▶ **Dataset records**:
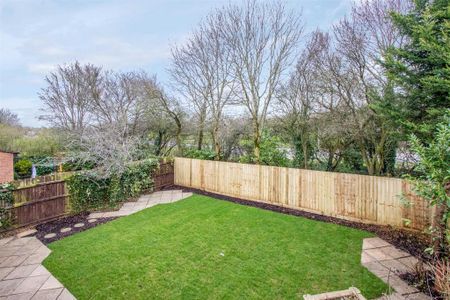 4 bedroom detached house to rent - Photo 3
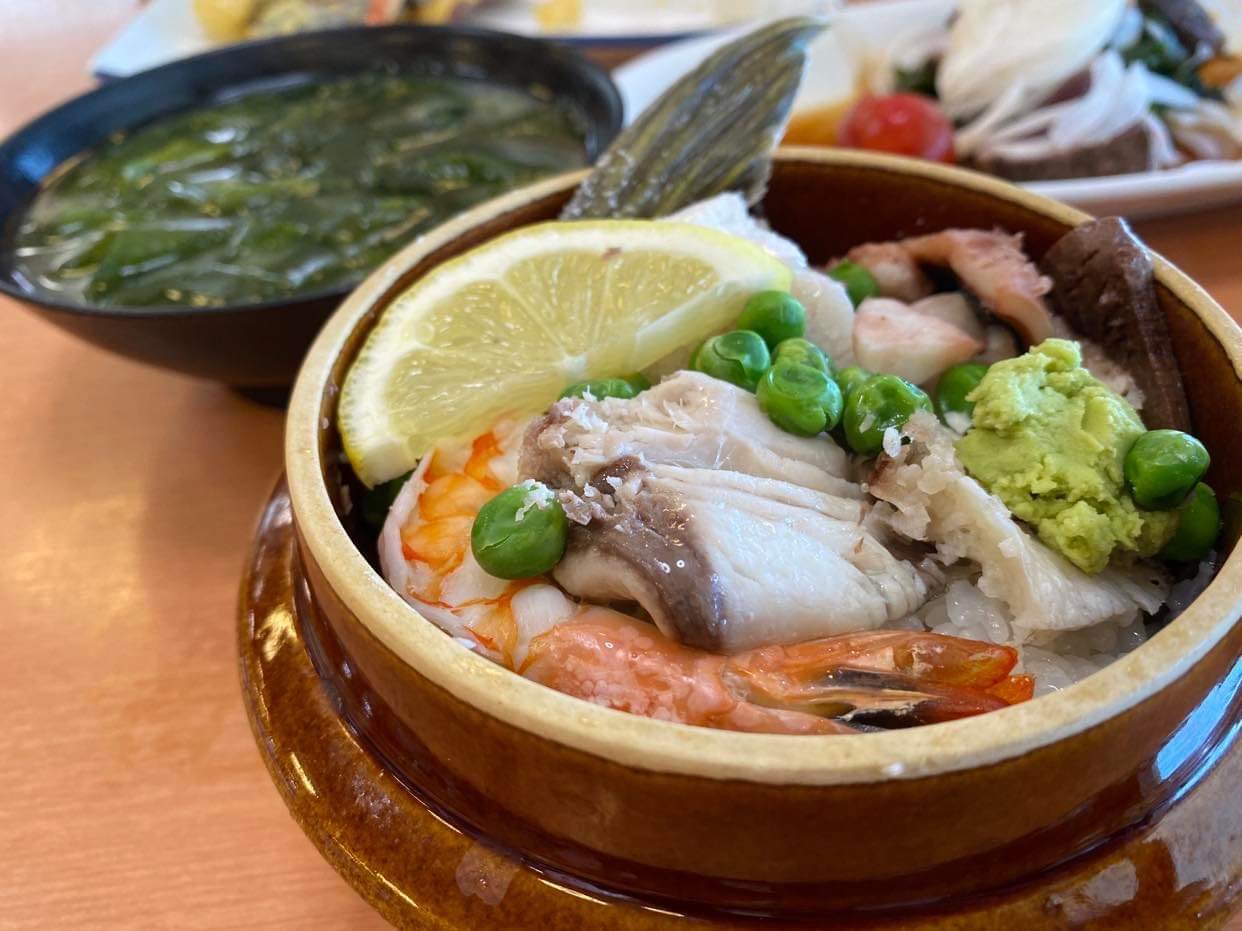 ここの「びんび飯(魚介釜飯)」と「海の幸カレー」は全国から足を運ぶ価値がある件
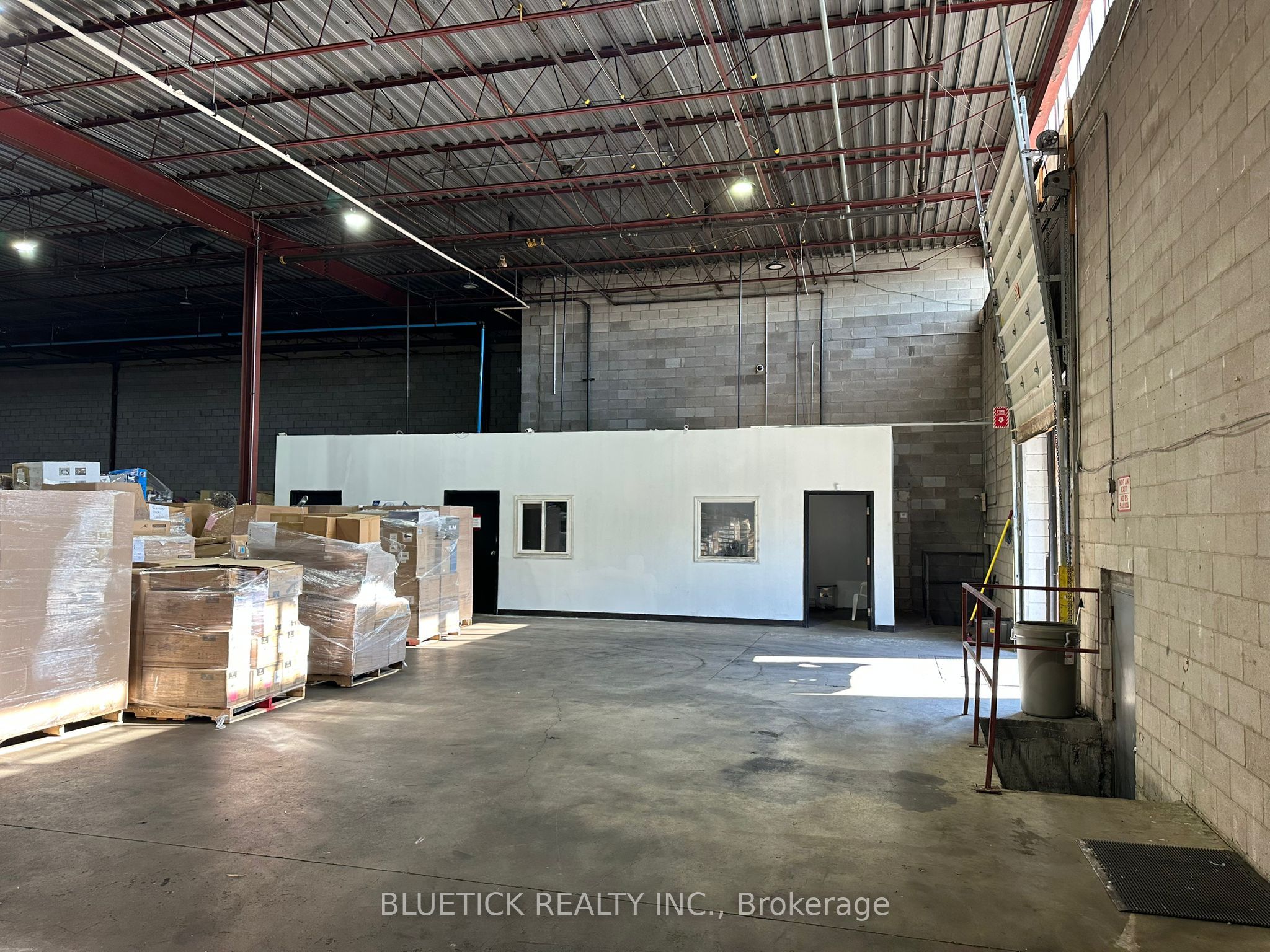 2-53 Bakersfield Street, Toronto, ON, M3J 1Z4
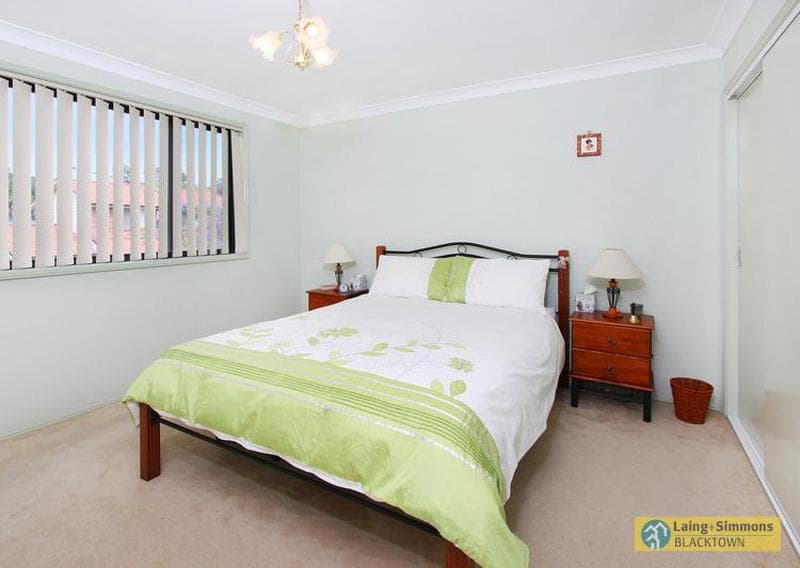 10/33																										Everard Street
														
								Port Macquarie, NSW 2444, Marayong - Thumbnail 5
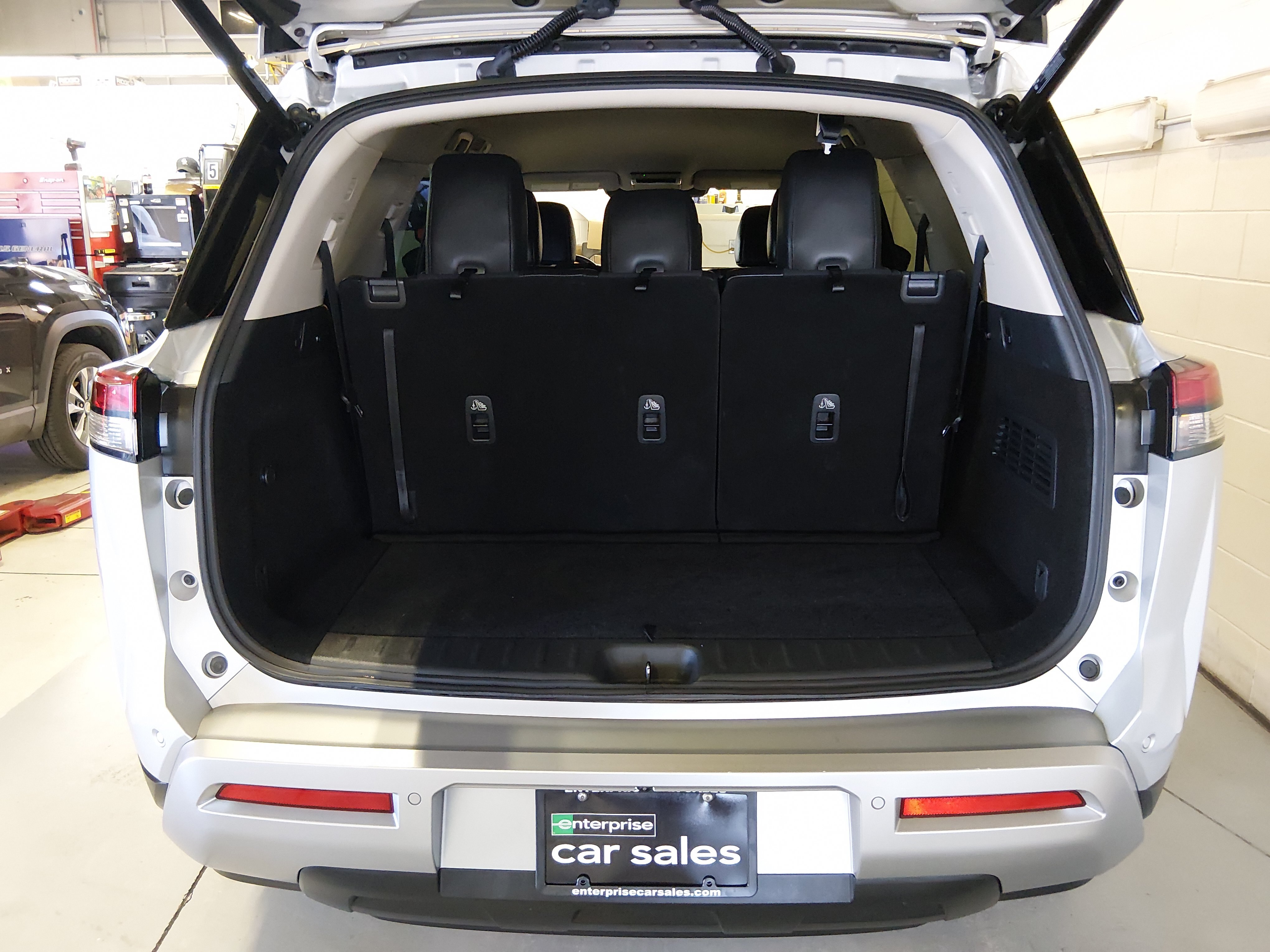 2025 Nissan Pathfinder SL - Photo 11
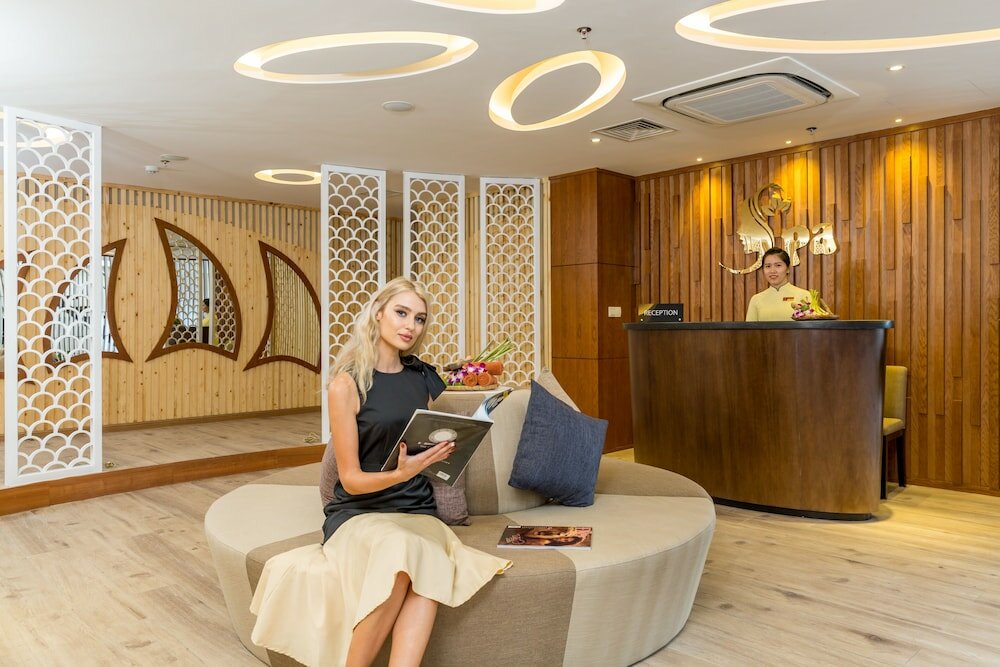 Фото Val Soleil Hotel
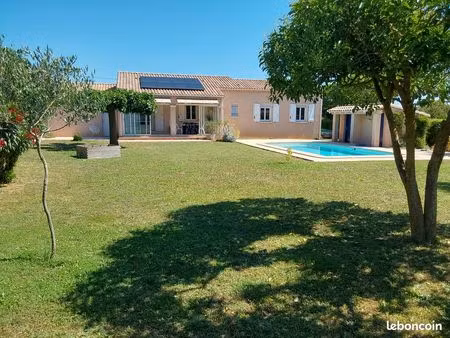 maison avec piscine hors lotissement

▶ **What to do**:
Given the listing above, return exactly, and only, the lines from the line with "Port Macquarie, NSW" through its final line, both included, with the pictures removed.

▶ **Answer section**:
								Port Macquarie, NSW 2444, Marayong - Thumbnail 5
 2025 Nissan Pathfinder SL - Photo 11
 Фото Val Soleil Hotel
 maison avec piscine hors lotissement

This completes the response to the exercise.